# What did I do wrong?



## Fanatic (Jan 19, 2015)

I've been pressing away... no issues what so ever. 

UNTIL TONIGHT....

I tried to print 1 print on a 100% poly shirt (I've done this before, no issues). 

310 for 25 seconds on maxx press. Transfers from Howards. 

I couldn't get the transfer to come off neatly so I pressed and pressed and pressed and pressed and there was this one particular area where it wouldn't release... the paint wouldn't transfer. 

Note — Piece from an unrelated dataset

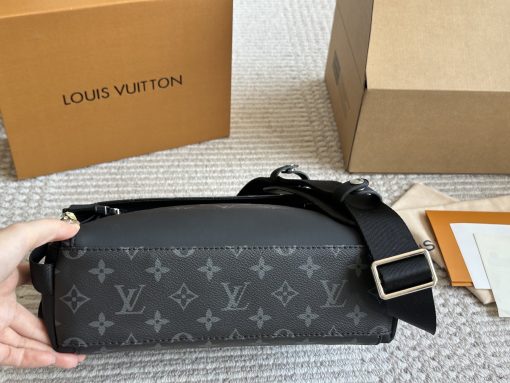 LV Postman Bag - Image 8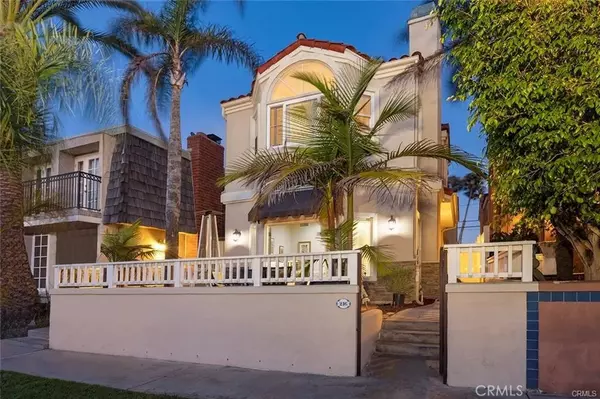 216 16th Street, Huntington Beach, CA 92648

So.... I ruined the shirt. 

What do you think I did wrong?


----------



## Sunjoa (Oct 25, 2011)

Is there any chance that your press developed a cold or cool spot?


----------



## Fanatic (Jan 19, 2015)

i don't think it was that.... it was this area that the paint wouldn't come off the paper and then I had pressed so many time the paper got stuck on in another area... I was close to a button, but button was still off the platen. AND it was close the edge of the platen. this HAS to be the issue.

This AM I did a print on the same shirt, I upped the temp by 25 degrees and granted it wasnt anywhere near a button, it came out 100% NO issues at all. 

THANK YOU!

just trying to prevent this issue on the next 100 shirts I have to do !LOL!


----------



## Fanatic (Jan 19, 2015)

or maybe I cut the paper too close to the print.


----------



## williekid (Apr 22, 2009)

You pressed for too long and has to be a hot peel. Sometimes is a trial by error to get to know your press. Lower the temp and if possible with a thermometer gun check the temp of the heating element on your press.


----------